Can haploid daughter cells divide again

Cell division

When cells divide, both daughter cells should contain exactly the same genetic information as the mother cell. In order for this to work, the chromosomes must first be doubled.

We have seen that only certain bases can pair with each other in a double strand of DNA. Even if only one strand of DNA is known, this tells us what the opposite strand should look like. It is precisely this fact that is important in the duplication (replication) of the DNA. It begins with the separation of the double strand into two individual strands.

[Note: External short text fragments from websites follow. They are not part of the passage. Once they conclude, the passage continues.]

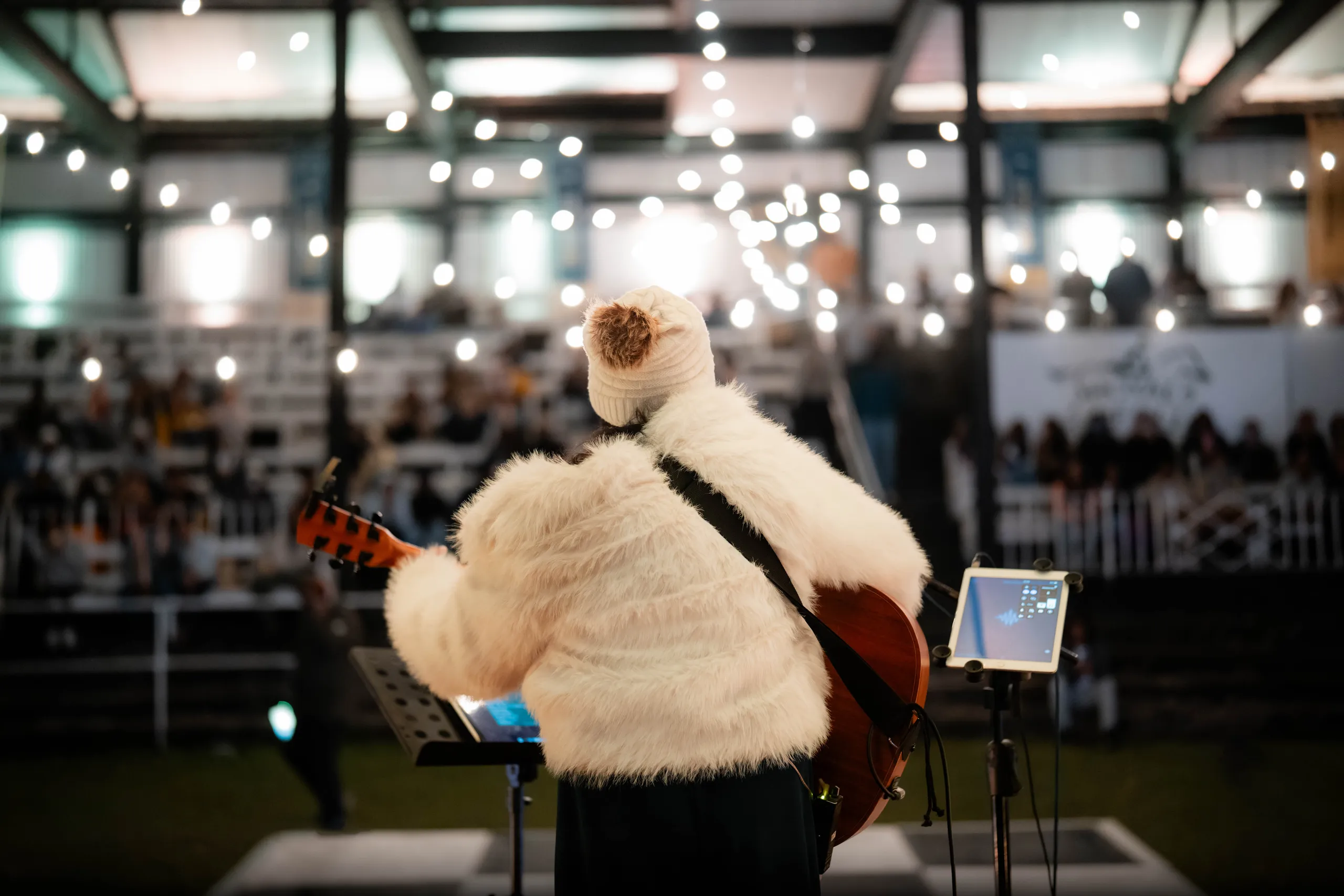 A guitarist facing the audience through a canopy of bulbs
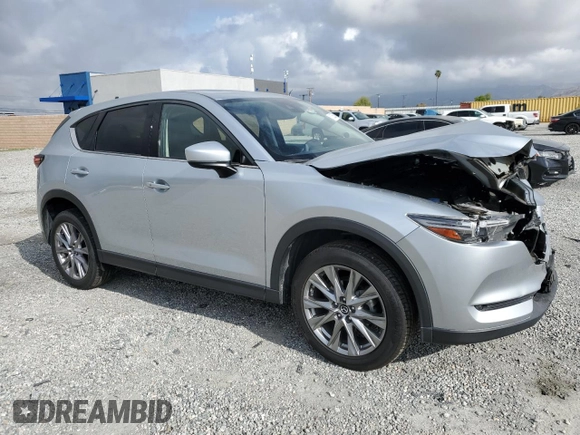 2020 Mazda CX-5 Grand Touring with VIN JM3KFADM5L0732193, listed as a Copart auction lot 51325385 with 86,798 mi miles and Salvage Title. Bid and sale history available at DreamBid. Image 4.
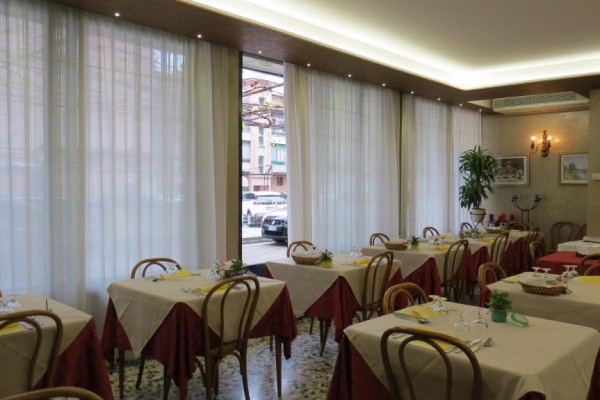 Restauracja z nakrytymi stołami, czerwonymi serwetkami i drewnianymi krzesłami przy dużych oknach.
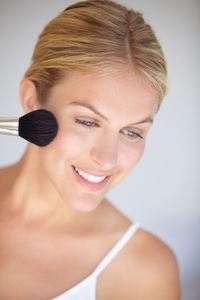 Close-up of young woman applying make-up against white background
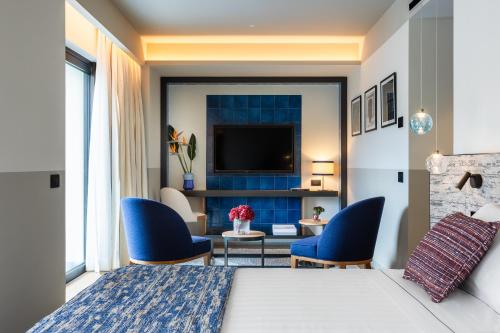 una camera d'albergo con letto, sedie e TV di Ara Maris a Sorrento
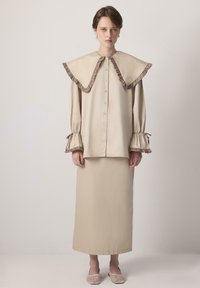 Béžová blůza s oversized volánkovým límcem, dlouhými rukávy s nařasenými manžetami, spárovaná s odpovídající dlouhou sukní. Woven béžové nazouvací boty.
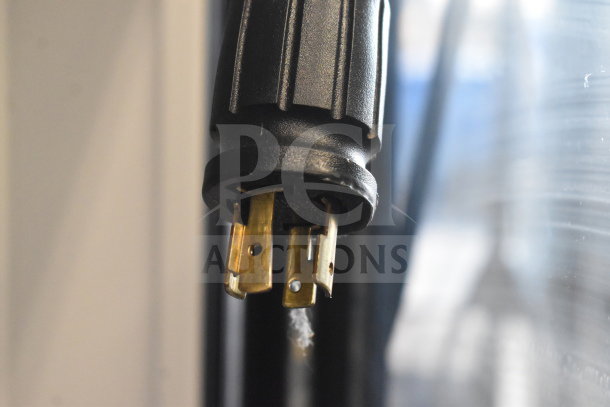 Close-up of power plug for 2017 True GDM-72F-HC commercial 3-door freezer, 115/208-230 volts, 1 phase.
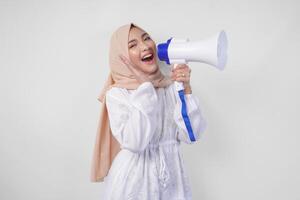 muito feliz ásia mulher vestindo hijab e branco vestir gritando para a megafone fazer anúncio, em pé sobre isolado branco fundo foto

Now enzymes can attach exactly the right bases and thus create two new double strands. Whenever the enzymes recognize adenine, they add thymine on the opposite side. With cytosine, on the other hand, guanine is built in, and so on. The two strands of DNA that are created in this way are called sister chromatids. Actually, they are even "Siaemesian twin chromatids" because they are like one egg to another and are even connected to one another at the centromere. The phase of the cell cycle when DNA is duplicated becomes Interphase Mitosis - make two out of one


Mitosis - make two out of one

Mitosis, the actual division of the nucleus, follows the interphase. So that the long DNA threads do not break, they are first condensed (compressed). The chromosomes can then be seen under the microscope as x-shaped structures. The center of the X is the centromere. Next, the chromosomes accumulate in the equatorial plane, i.e. in the middle of the cell nucleus. Long thin threads, called spindle fibers, attack the centromeres and tear the sister chromatids apart. One chromatid from each chromosome is drawn to one of the cell poles. There the chromosomes are decondensed (unpacked) again and a new nuclear membrane is formed. The cell then divides.


Meiosis - a special type of cell division

In the case of sexual reproduction, the parents pass on genetic information (chromosomes) to their children. So that the number of chromosomes does not double with each new generation, germ cells are formed that only have half the chromosome set. Most organisms are diploid and their germ cells are therefore haploid. The process of germ cell formation is called meiosis.

In meiosis, the condensed chromosomes arrange themselves in pairs in the equatorial plane. One paternal and one maternal chromosome are next to each other. As in mitosis, spindle fibers attack the centromeres. Instead of individual chromatids, whole chromosomes are drawn to the two cell poles. Cell division then takes place as described above.

Only after the first division are the chromosomes broken down into their two sister chromatids and the cells divide again. Four haploid germ cells have developed from one diploid cell, the genetic information of which happens to be composed of maternal and paternal components.